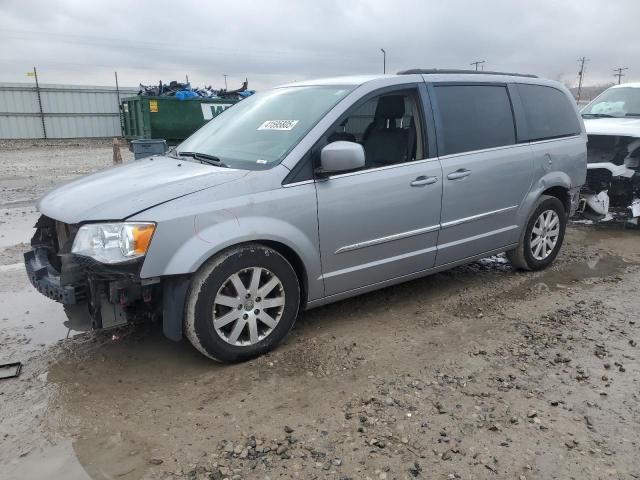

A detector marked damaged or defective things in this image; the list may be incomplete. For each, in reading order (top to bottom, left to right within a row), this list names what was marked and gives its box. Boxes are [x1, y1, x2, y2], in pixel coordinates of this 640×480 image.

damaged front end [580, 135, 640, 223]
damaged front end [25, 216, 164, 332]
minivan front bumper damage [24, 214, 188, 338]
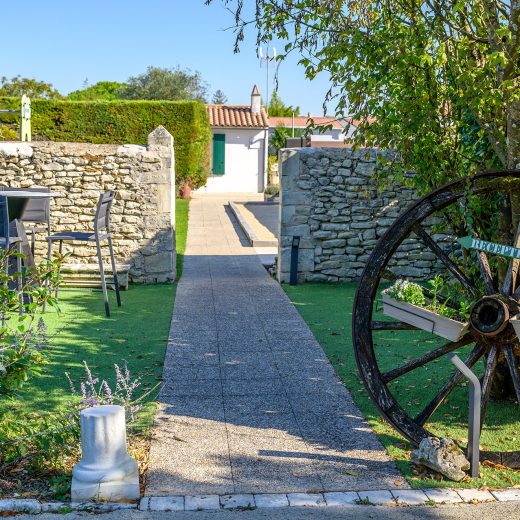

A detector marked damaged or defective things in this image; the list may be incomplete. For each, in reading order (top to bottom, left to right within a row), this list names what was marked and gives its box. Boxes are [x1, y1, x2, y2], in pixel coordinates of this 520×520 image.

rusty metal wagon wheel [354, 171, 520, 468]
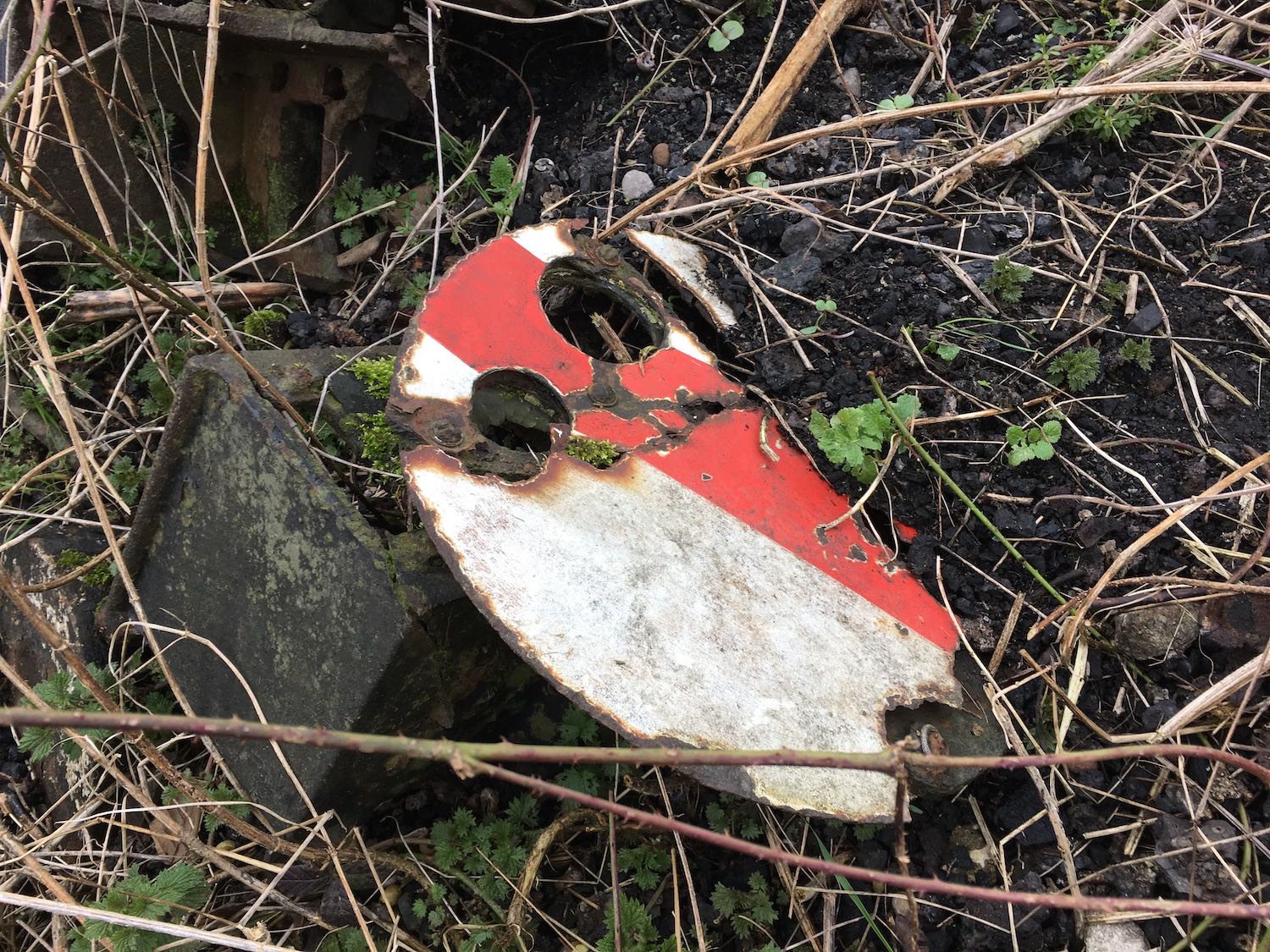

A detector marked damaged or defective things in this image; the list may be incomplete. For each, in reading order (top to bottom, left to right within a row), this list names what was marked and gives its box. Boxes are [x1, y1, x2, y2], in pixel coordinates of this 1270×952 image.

===

**Task requirements:** Repeat each entry precisely as it appears. Leave the pictures out.

**Output for this task:**
A detector marked damaged or defective things in this image; the list may be incomplete. For each, in reading order (top to bottom, left to right within a row), this list names what was marked and gives its box. Boxes are [x1, y1, x2, y2], in pixel coordinates of this 640×480 image.

damaged front end [580, 135, 640, 223]
damaged front end [25, 216, 164, 332]
minivan front bumper damage [24, 214, 188, 338]

A detector marked damaged or defective things in this image; the list may be incomplete. For each, in reading order (top to bottom, left to right within a row), this list names what was marked and gives its box. Boxes are [x1, y1, x2, y2], in pixel coordinates of this 520×520 image.

rusty metal wagon wheel [354, 171, 520, 468]

A detector marked damaged or defective things in this image; the list may be incomplete. For each, in reading order (top to bottom, left to right within a row), this list names what was marked and gives its box. Boxes are [x1, y1, x2, y2], in pixel coordinates of this 1270×952 image.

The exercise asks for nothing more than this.